Nam-Quang Tran (migrated from JIRA)

Now I had another user report to me the crash I posted above. This time I was able to pinpoint the files that were causing the crash. They were just large binary files (> 2 GB). So, I think the crash can now be reproduced relatively easily: Set a high maximum heap size (16 GB in my case), then shove a giant binary file into Lucene.

asfimport commented 2 years ago

Luís Filipe Nassif (migrated from JIRA)

Hi, a colleague of mine pointed this to me. Should I close https://issues.apache.org/jira/browse/LUCENE-10681 as duplicate?

We hit this AIOOBE in the 640th iteration of addDocumentS(Iterable) with \~10MB sized docs. Is there a known upper bound for numDocs x docSize given to addDocumentS()?

PS: possibly there were other documents being indexed in parallel by other threads

PS2: our default commit time interval is 30min

PS3: I changed our application from addDocument() to addDocumentS() in part because of the nice atomic guarantees and because we have to have all text chunks children of one parent document.
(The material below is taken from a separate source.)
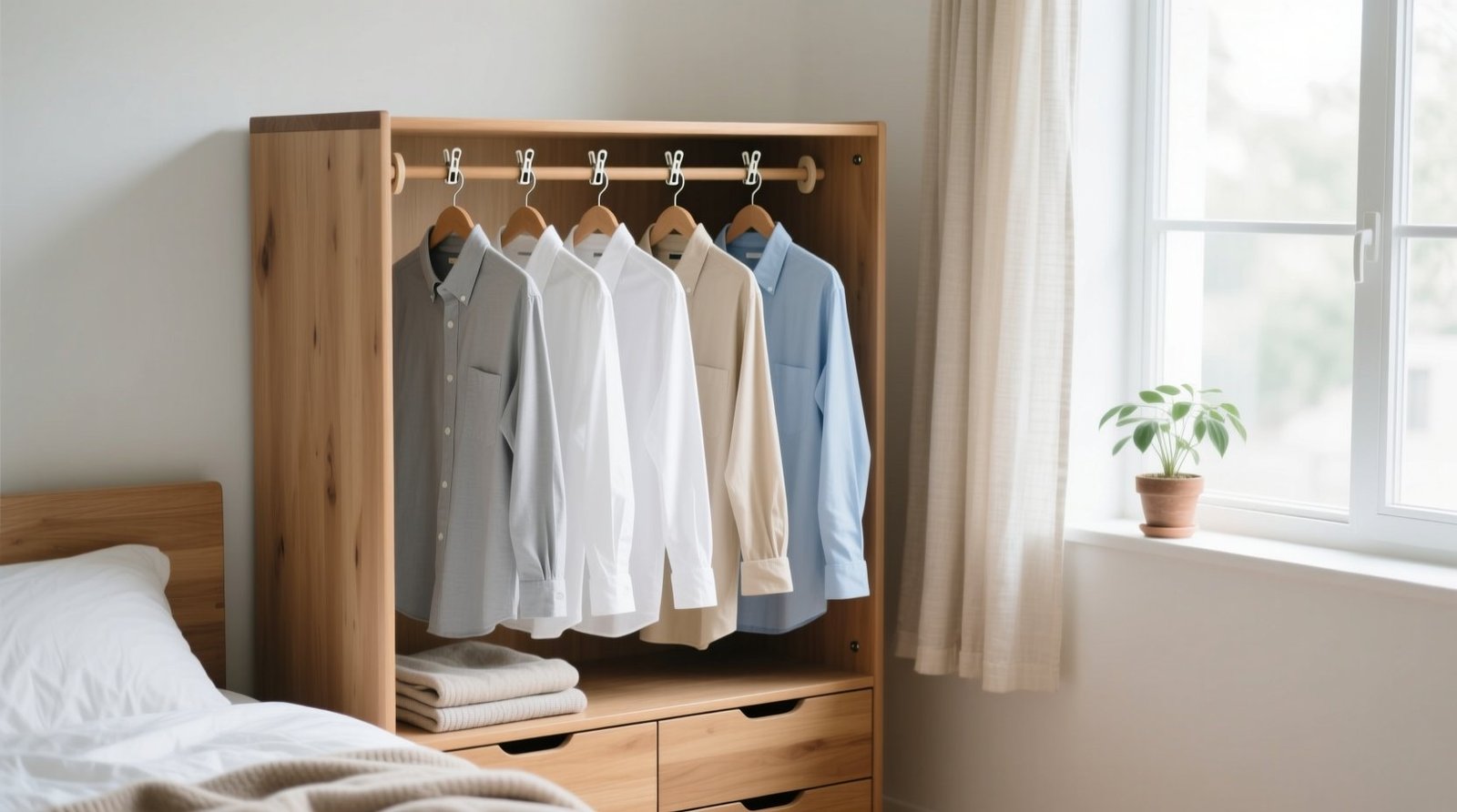 Hang shirts in your drawers with this ingenious hack.jpg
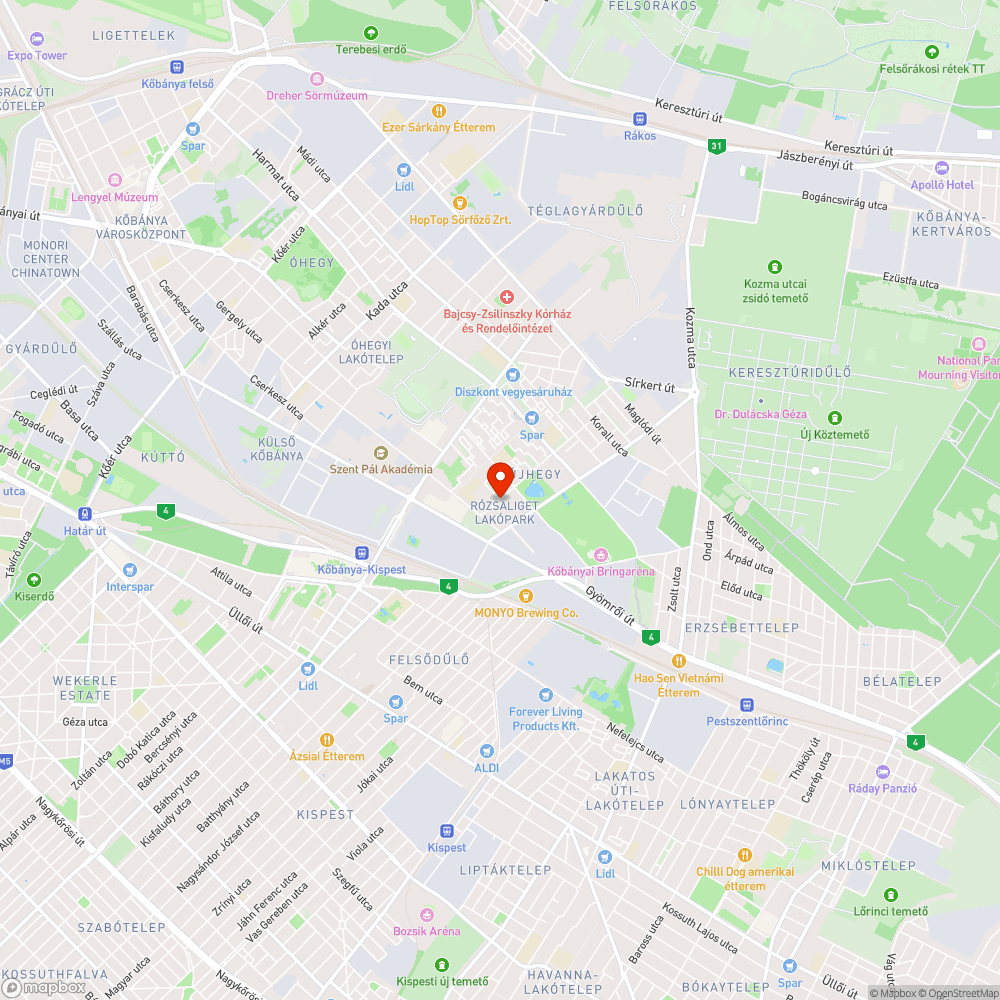 Talált tárgyak osztálya - Tavas utca bejelentés helye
If we have to call addDocumentS() multiple times with smaller iterables, possibly we will have to implement the parent-children control by ourselves (as we did in the past with the first method)... or not?

asfimport commented 2 years ago

Luís Filipe Nassif (migrated from JIRA)

I did some workarounds in our project to avoid this. But as suggested before, it would be nice to throw a better Exception and update the IndexWriter.addDocumentS(Iterable) documentation to warn users they shouldn't pass huge collections or documents to that method at once.